Tutto questo, con quali conseguenze?

Se si mettono a rischio i mezzi di sopravvivenza delle persone ai margini, l’umanità si macchia di ingiustizia sociale. Le disuguaglianze aumentano specialmente tra gli strati più poveri, vulnerabili e meno resistenti a questo tipo di cambiamenti. Non si può parlare di attivismo e impegno ecologico senza includere l’aspetto più sociale ed umano della questione. La pessima gestione ambientale rischia di investire e travolgere molte vite – talmente tante da complicare la comprensione dell’immenso rischio che abbiamo di fronte.

Le istituzioni UE hanno mosso i primi passi per il riconoscimento giuridico dei migranti climatici a livello internazionale: cosa pensi di questo tipo di migrazione?

Le migrazioni forzate (e non volontarie) rappresentano una sfida immensa. I cambiamenti climatici avranno effetti molto più evidenti e drastici nei Paesi in via di sviluppo, soprattutto tra le economie più vulnerabili all’aumento delle temperature. Mi riferisco a quelle regioni che dipendono dalla pesca, dall’agricoltura o dalle foreste – tutte attività che sono messe a rischio dall’attuale crisi climatica. In generale, gli animali e le piante o si adattano a questi cambiamenti o muoiono, oppure si spostano. Stessa sorte spetterà agli uomini, specie a quelli meno fortunati e meno protetti che dovranno migrare verso ecosistemi ancora un minimo integri, che dovranno scappare dalla povertà e dalla penuria di risorse – evento che già si registra in molte regioni del mondo.

Quindi, chi dovrebbe pensare ad una soluzione?
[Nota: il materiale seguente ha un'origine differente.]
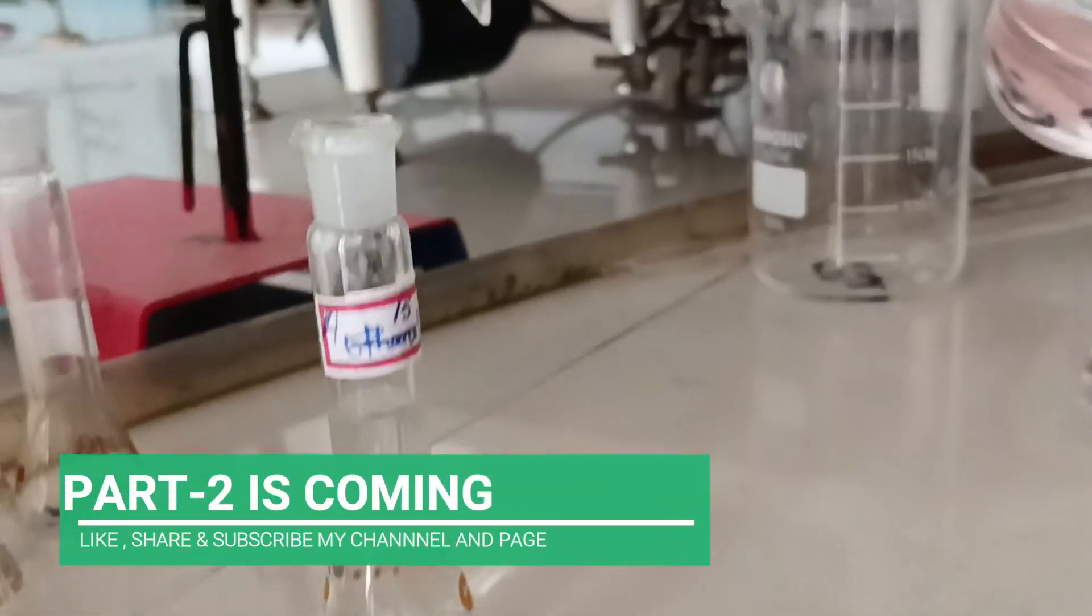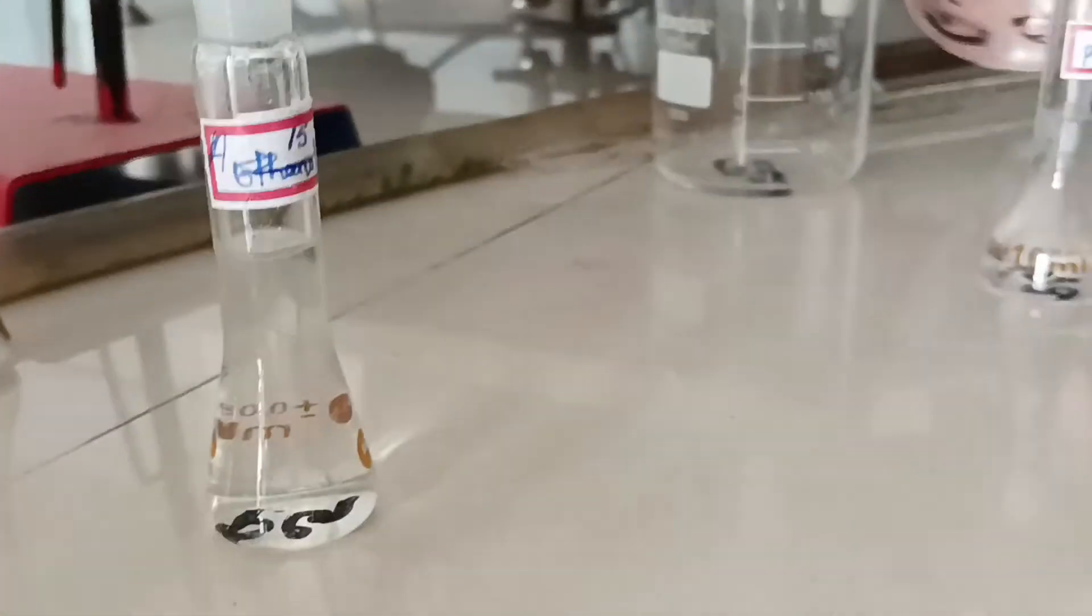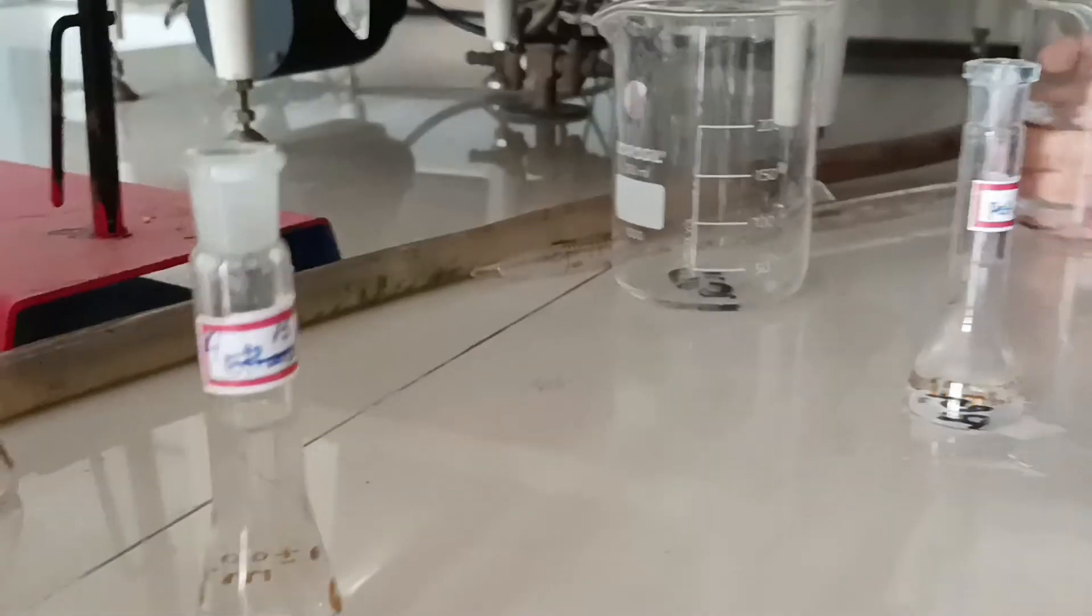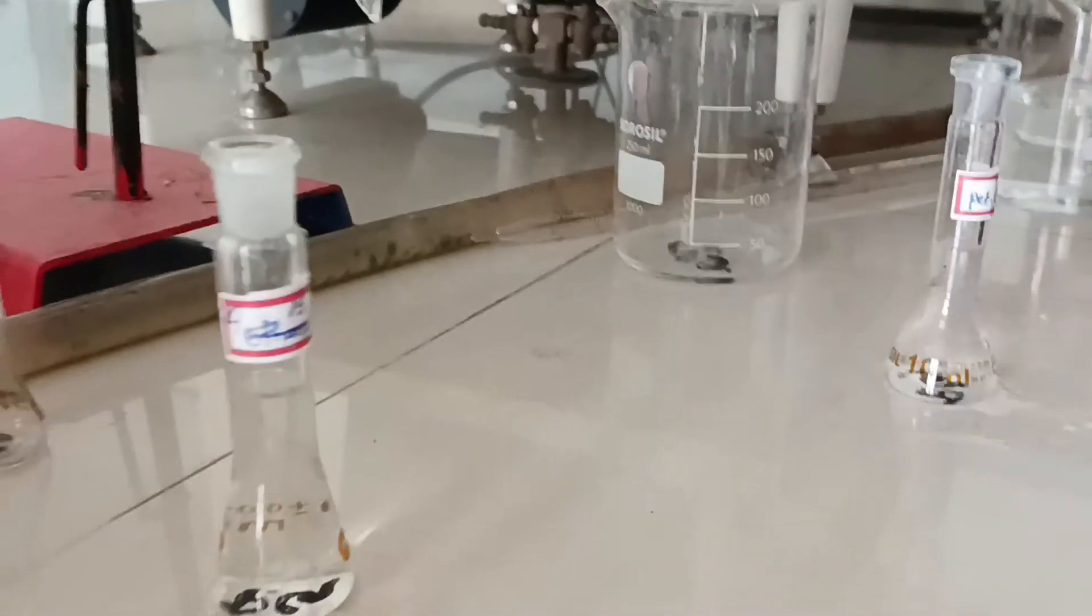Now after this, you have to take these samples to the UV spectroscopy and do the analysis. I will show you in the next part.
La crisi climatica non può più essere limitata solo ad alcune porzioni geografiche: il problema è globale, riguarda tutti. Tutti gli Stati sono responsabili per gli Stati limitrofi – ma anche per quelli più distanti – e questo è un bel rospo da ingoiare. Problemi comuni, però, portano a soluzioni comuni: la cooperazione internazionale può fare la differenza, ma solo se si dimostra la giusta volontà politica e diplomatica.

E, allora, cosa dobbiamo aspettarci dai politici?

I politici devono smettere di posticipare la discussione e l’attuazione di politiche eco-sostenibili a favore del pianeta. La crisi climatica si risolve con la volontà politica, non procrastinando. Tassare il ricorso al carbon fossile è cruciale, ma anche incentivare economicamente la transizione verso fonti energetiche rinnovabili, oltre che la loro produzione e il loro consumo.

E noi cittadini?

La società civile, intanto, deve fare pressione, deve farsi sentire e far capire ai decisori politici cosa vuole e cosa è giusto per l’umanità e per il pianeta. La salute delle persone dipende da quella del pianeta. La sicurezza e il benessere della vita acquatica e della vita terrestre non possono essere salvate se ignoriamo il problema e lasciamo aumentare eccessivamente la temperatura globale. Tutto questo lo decidiamo noi, che sia in modo diretto o indiretto: sta a noi decidere e agire, oppure non fare niente e lasciare morire il pianeta.